The recount took place in Augusta at the offices of the Bureau of Elections in Williams Pavilion on the Riverview campus on Wednesday and Thursday, Nov. 28 and 29, from 9:30 a.m. to 4:30 p.m. with an hour out for lunch. I attended the recount on Thursday.
During Wednesday’s recount, Lynne had gained approximately 25 votes. The event took place in a rather small room given the number of people involved in the recount. There were six teams of counters, a person supporting Lynne (me) and Joanne Eaton of Northeast Harbor representing Lynne’s opponent, William B. Blasidell IV of Ellsworth, and a member of the Bureau of Elections, Ann Broucher, sitting opposite Joanne and me supervising the recount.
Members of the Bureau of Elections staff brought ballots to us in a plastic box. Our initial job was to separate the office ballots from the referendum ballots. Then we had to double check the referendum ballots to make sure that there were no office ballots accidently separated with the referendum ballots. Once that was completed the referendum ballots were removed by a member of the staff.

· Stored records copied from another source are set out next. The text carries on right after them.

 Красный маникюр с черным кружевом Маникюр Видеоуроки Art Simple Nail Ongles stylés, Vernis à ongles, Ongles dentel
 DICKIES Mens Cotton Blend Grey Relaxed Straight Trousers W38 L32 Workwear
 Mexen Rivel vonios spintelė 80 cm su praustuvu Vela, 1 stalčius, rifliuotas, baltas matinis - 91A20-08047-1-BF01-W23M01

Joanne and I would sort the pile of office ballots by removing each ballot that had voted for the candidate we were recounting for. Joanne counted the ballots for Bill, and I counted the ballots for Lynne while the other was closely supervising the count, all the time under the supervision of Ann of the Bureau of Elections staff. When we counted 50 ballots, Ann would put a rubber band around them and when there were five groups of 50, another rubber band was placed around them and removed by the staff. This was the procedure, which took place all day long.

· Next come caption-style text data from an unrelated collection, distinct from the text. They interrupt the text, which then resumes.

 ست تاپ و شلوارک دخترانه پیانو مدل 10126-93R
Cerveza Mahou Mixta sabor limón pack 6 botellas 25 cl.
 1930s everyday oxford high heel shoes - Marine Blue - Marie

Julie Flynn, longtime Bureau of Elections director, was present and managing the entire recount. Both candidates were also present. As recounts were tabulated, Julie would brief both Bill and Lynne. The entire operation was accomplished without a single partisan comment. One had the feeling that everyone understood that our sole purpose was to ensure that the will of the voting public was accomplished. The staff was professional, kind and thoughtful; there were many “pleases” and just as many “thank yous.” Julie went out of her way to answer questions that anyone had. The entire effort was flawless and accomplished the intended goal, which was to verify that the results of the election were accurate. In the end, Lynne gained 32 votes, but still lost the election by 25 votes. When Julie announced the result, there was no disagreement, and in fact Lynne initiated a round of applause of appreciation for the enormous effort that had been displayed by Bureau of Elections staff and counters.
When all the ballots were refiled in the appropriate boxes, bureau staff relocked pad locks and anti-tampering devices on each and every box while a member of the public recorded the numbers on the locks so that the integrity of the ballots was protected until the next recount for the Golden/Poliquin contest, which was scheduled for Monday, Dec. 3, 2018.
I was thrilled with the entire day’s efforts. This recount was done in a professional, uncontentious manner, void of any partisan conflict or comment. Julie said that some states do not count absentee ballots or ballots from our service people overseas, but Maine law requires that every ballot be counted as long as it was received by 8 p.m. on Election Day. Julie gave great credit to the “mama bear” election clerks in each city and town, who were equally professional and took great care to ensure integrity of the voting process.
Given what we have read and hear about the efforts by other states legislatures to make it as difficult as possible to vote, I am so proud of our Maine Legislature, which has enacted election laws to encourage voting and try to make it easy and convenient for people to vote. I am equally proud of the Julie Flynn and her staff for their professionalism and commitment to honoring the integrity of each citizen’s vote. We have lots to be grateful for in the state of Maine when it involves elections and recount practices. As Maine goes, so should the rest of the states.
Skip Greenlaw is a former state representative who lives in Stonington.